Exploring the role of evaporation in atmospheric heat transport and seasonal low-latitude precipitation biases in CMIP6

Tropical and subtropical precipitation impact millions of people via agriculture and rainfall driven disasters. However, a wide spread remains in future regional projections of low-latitude precipitation, dominated by uncertain shifts in rainfall, and models continue to show a variety of biases in the location and intensity of rain.

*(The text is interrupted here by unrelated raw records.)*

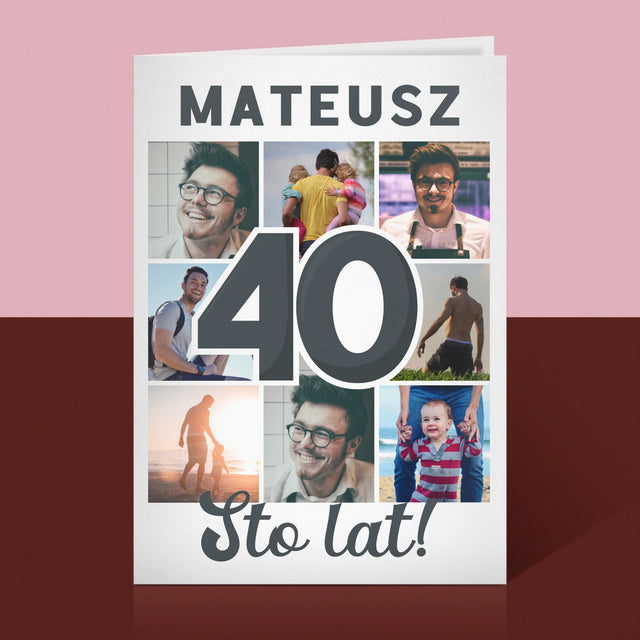 Fotokolaż: 40 Lat - Kartka Z Życzeniami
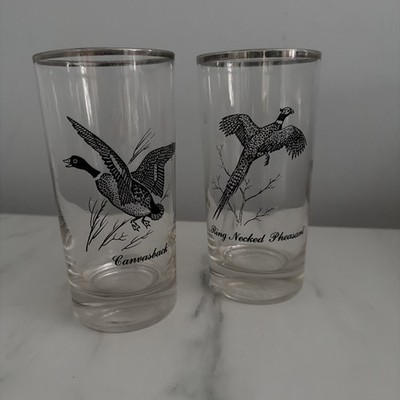 Vintage Federal Sportsman Silver Wild Fowl Pheasant Duck  Highball Glass Set 2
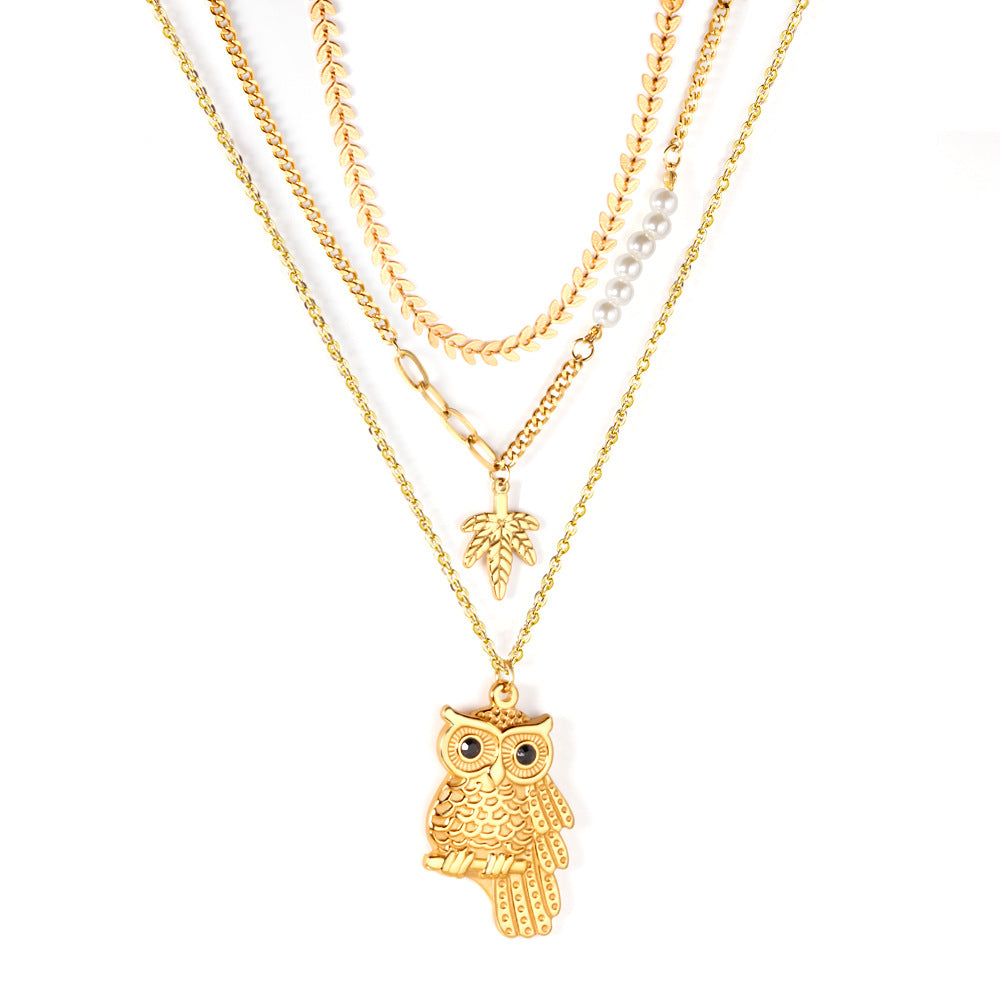 Collier multi-rangs pour femme avec pendentif hibou et détails dorés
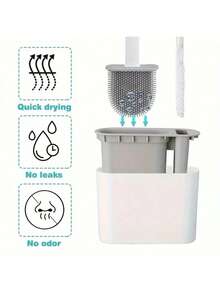 1 Set Wall-Mounted Silicone Toilet Brush Kit - Includes Sealed Storage Rack And Crevice Cleaning Brush - Suitable For Home Bathroom, Toilet Cleaning, Multi-Functional Bathroom Toilet Brush - Multiple Styles - View 8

The Energy Flux Equator framework has emerged as a powerful tool in interpreting the location of low-latitude rainfall via atmospheric heat transport (AHT), which in turn can be understood through the top of atmosphere and surface energy fluxes. Recent work using a novel decomposition of the zonal-mean AHT suggests that its spatial structure is dominated by the meridional structure of the latent heat flux. Here, we apply this decomposition to investigate intermodel differences in AHT on the seasonal timescale.

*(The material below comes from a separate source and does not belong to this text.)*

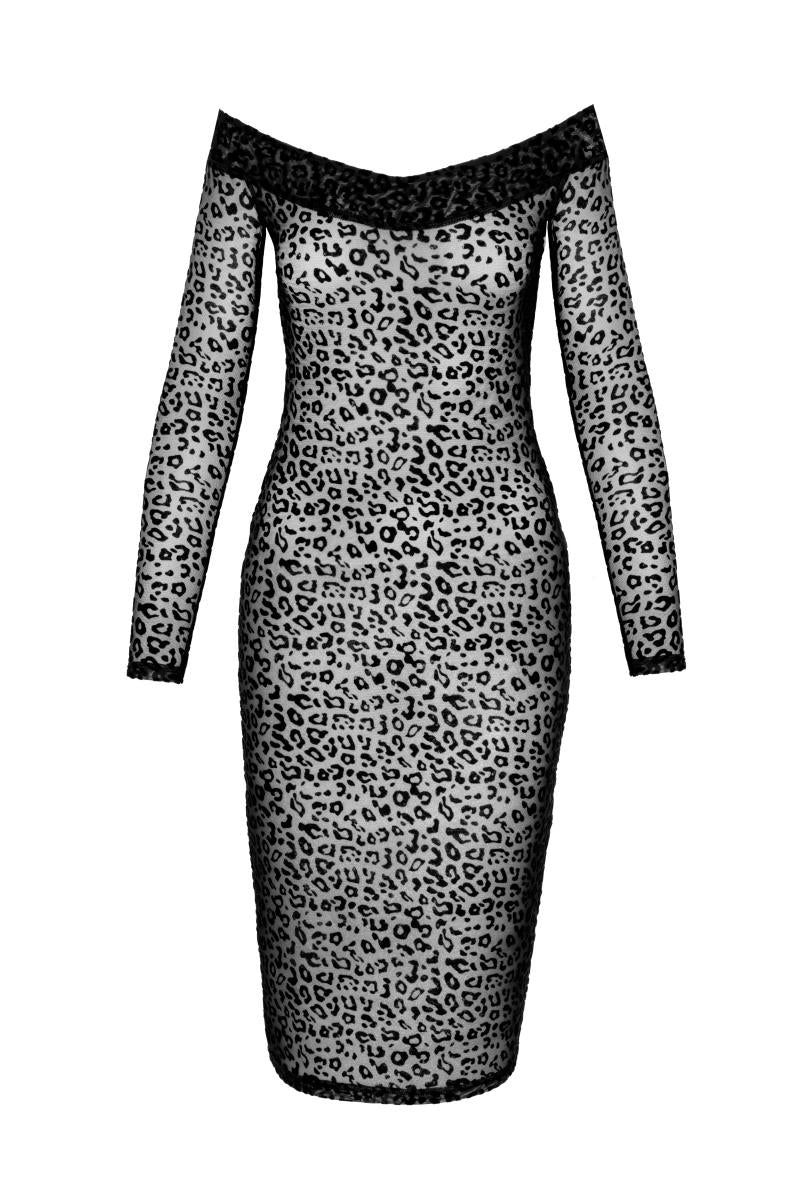 F284 Leopard flock midi-dress - 3XL-0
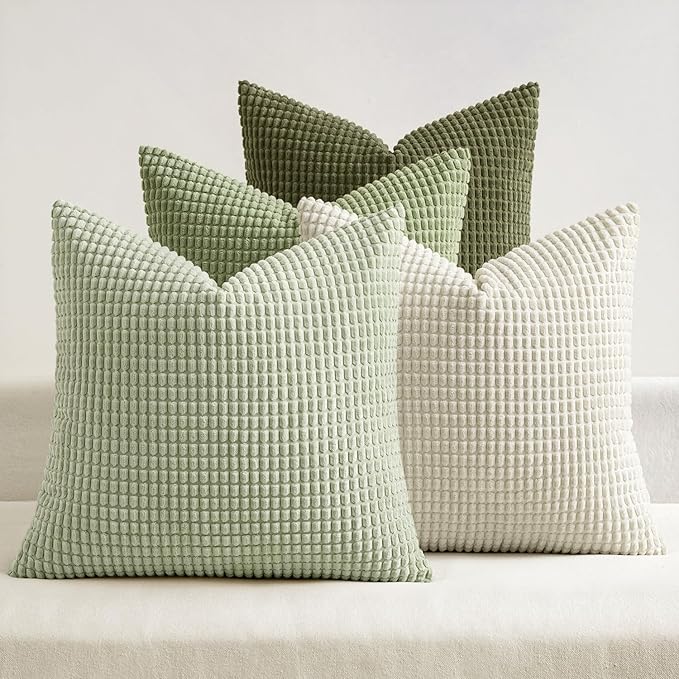 MIULEE Modern Farmhouse Decorative Spring Pillow Covers 18x18 Inch Set of 4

We find that throughout the year, intermodel differences in total AHT and the latitude of maximum zonal mean precipitation both correlate strongly with the heat transport contribution attributed to evaporation. Curiously, spatial regressions appear to suggest that evaporation over land provides a key contribution to this spread, despite the net surface heat flux over land being close to balanced. To interrogate the causality underlying this correlation with land evaporation, we make use of the 1pctCO2-bgc simulations, in which only the carbon cycle responds to increasing carbon dioxide, with one consequence being altered evapotranspiration.